Lawmakers adopted amendments and ordered perfected House Bill 2600, which updates ambulance‑district consolidation procedures and operational rules to preserve EMS coverage in rural areas, add public‑hearing requirements and limit merged‑district tax rates.

Representative from Nottoway presented House Bill 2600, a measure designed to help struggling ambulance districts consolidate, prioritize advanced life support staffing and clarify consolidation timelines and public‑hearing procedures.

Representative from Harrison offered an amendment that restores county‑commission authority over subdistricts, allows at‑large elections if districts cannot find local candidates, clarifies public‑hearing timeframes (for example, a 30‑day public‑hearing window), requires county‑clerk involvement for petitions and preserves voters’ right to approve mergers. The amendment also removed a provision that would have allowed some board‑initiated consolidations without voter approval.

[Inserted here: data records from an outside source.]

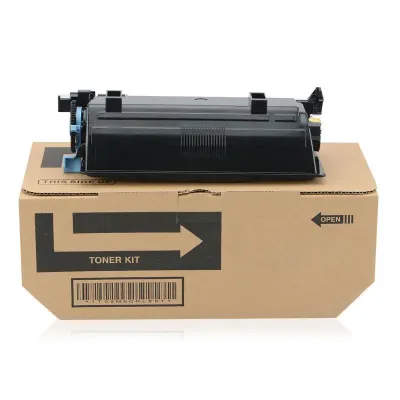 Kyocera TK-3400 Muadil Toner - 1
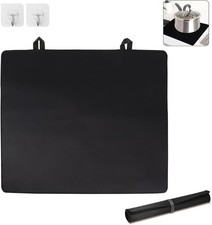 Hob Protector Mat, Large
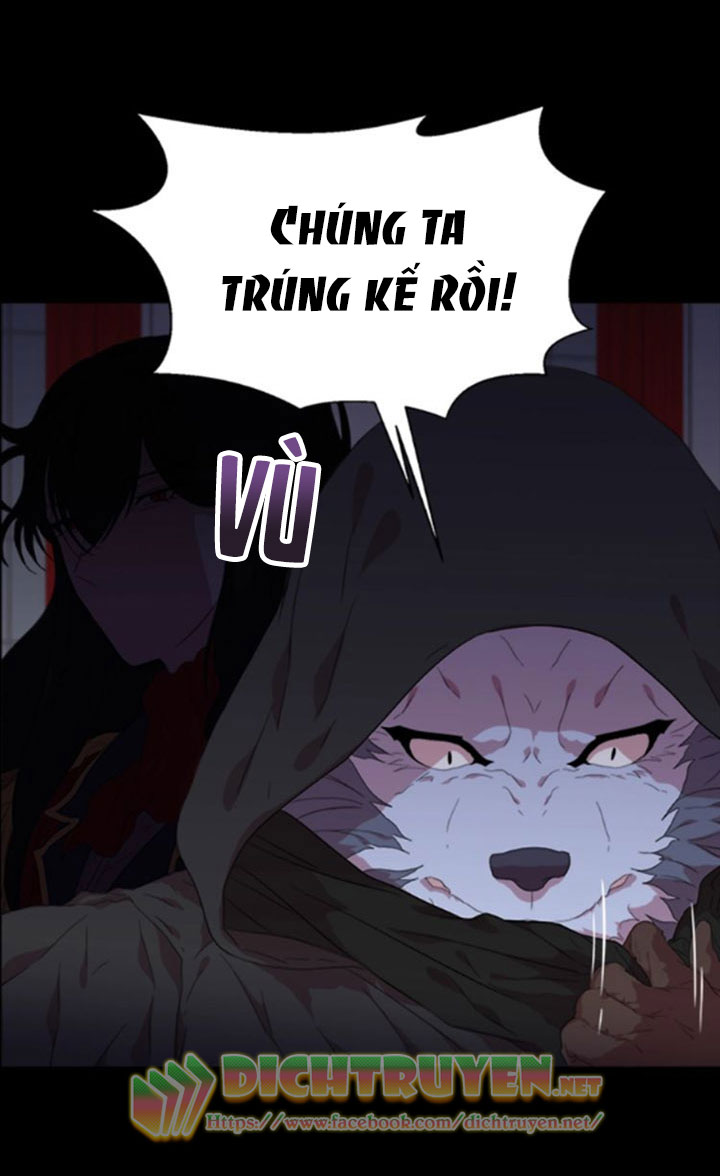 con gái bảo bối của ma vương chapter 6 16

Supporters said the bill responds to urgent rural EMS gaps and recent incidents where districts dissolved or could not respond. "If we don't do this soon, in a lot of places in Missouri, people will be dialing 911 and told they don't have an ambulance," a member from Saint Louis warned. The House adopted the amendment and ordered the committee substitute perfected and printed.

Next steps: the House ordered HCS for House Bill 2,600 as amended perfected and printed; sponsors and amendment makers described implementation details that will require county clerks and recorders to coordinate timing and ballot language for future voter approval processes.